Apparently abrupt exits were the norm in the spirit realm.
She waited for her companion to return.
"Cricket?" Her voice echoed.
No response came.
Juniper climbed down. A dirt path took her through a grove of yet more of the black and bare trees. She heard nothing from the wilds surrounding her. No birds called. No breeze stirred.
The path crossed into rocky terrain. Pebbles, rocks and boulders lined the sides of the trail. Those turned into larger mounds, which led to hills. When she grew tired, she took a seat on a low, flat slice of rock. She lay on her back to stare into the endless gray on gray above her. The place had no sky, she was sure.
This is what the dead do. She thought. They lie around being worthless and feeling sorry for themselves. Fantastic.

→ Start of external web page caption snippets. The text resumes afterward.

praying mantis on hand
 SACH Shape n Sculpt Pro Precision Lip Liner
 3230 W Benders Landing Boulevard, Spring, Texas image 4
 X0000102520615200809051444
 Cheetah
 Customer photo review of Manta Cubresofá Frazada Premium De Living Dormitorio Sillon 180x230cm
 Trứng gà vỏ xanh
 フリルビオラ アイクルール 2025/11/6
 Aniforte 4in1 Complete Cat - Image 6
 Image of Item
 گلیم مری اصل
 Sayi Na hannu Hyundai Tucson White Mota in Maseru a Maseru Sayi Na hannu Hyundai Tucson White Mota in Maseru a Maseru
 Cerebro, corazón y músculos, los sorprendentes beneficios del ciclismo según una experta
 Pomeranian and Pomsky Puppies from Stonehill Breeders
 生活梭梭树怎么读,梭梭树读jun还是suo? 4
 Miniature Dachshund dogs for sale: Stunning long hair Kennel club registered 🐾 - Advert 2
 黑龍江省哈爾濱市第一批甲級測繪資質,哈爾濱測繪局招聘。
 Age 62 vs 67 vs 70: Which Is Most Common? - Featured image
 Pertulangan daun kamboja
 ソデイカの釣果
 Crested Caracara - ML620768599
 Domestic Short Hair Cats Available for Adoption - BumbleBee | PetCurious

Minutes passed. Hours marched.
She imagined a future with no purpose. What good is an eternal soul with no meaningful way to pass the time? Forever can be an empty place when spent on nothing more than roaming a desolate borderland.
Gareth advised her to cross over - to some place better, she assumed, but she had no idea how to do so.
Juniper closed her eyes and tried to sleep. She eventually gave up with an exasperated huff and rolled onto her belly.
She noticed a bit of pink among the grayscale - Cricket's hat in the middle of the trail.
Juniper called out for the girl. She hopped to her feet and hurried to the hat, picked it up. She searched the rocks around her.
"Are you here?"
She discovered Cricket behind her.
In life, Juniper was never one to hug people she didn't know well, but in the forlorn mist of Limbo, she took the strange child into her arms without hesitation. Cricket hugged her back and then withdrew.
“Where did you go off to?”
"Gareth is a very dangerous person. If you see him, you should run." Cricket took Juniper's hands into her own. "You must be careful."
"I will."
"Good. Are you ready to head into Night Limbo?"
"I think so."
The child held onto Juniper as the rocks around them darkened to fade from view. Then mortal night, illuminated by electric lamps, appeared around them.